## [PROBLEM DESCRIPTION]
Without reproducing any picture, copy the records word for word.

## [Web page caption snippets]
********

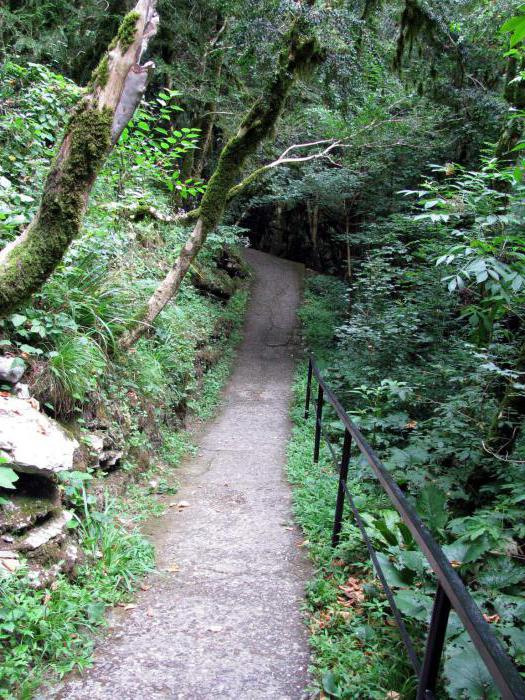 Navalishensky Gorge Soči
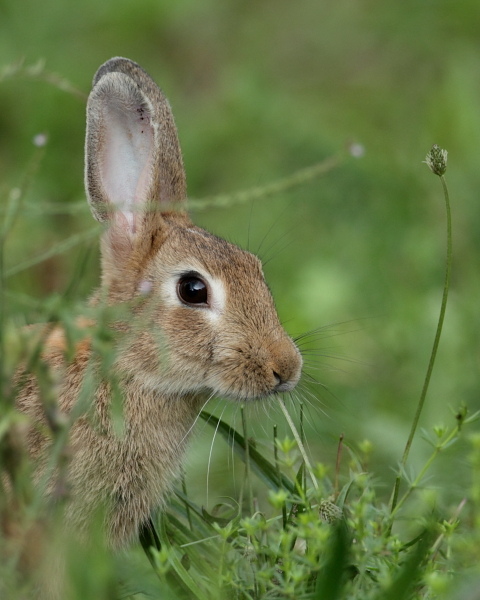 IMG_5574 Rabbit 2.JPG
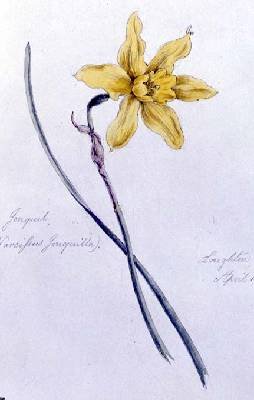 Jonquil painted at Loughton 15th April 1859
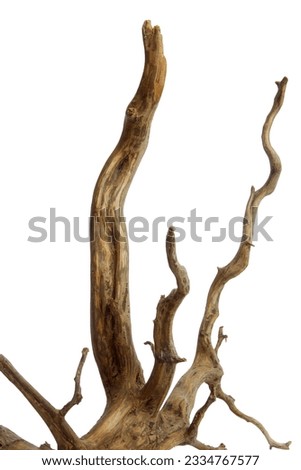 Horn driftwood root branches wooden texture isolated on white background with clipping path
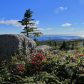 Acadia National Park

********

## [TASK SOLUTION]
 Navalishensky Gorge Soči
 IMG_5574 Rabbit 2.JPG
 Jonquil painted at Loughton 15th April 1859
 Horn driftwood root branches wooden texture isolated on white background with clipping path
 Acadia National Park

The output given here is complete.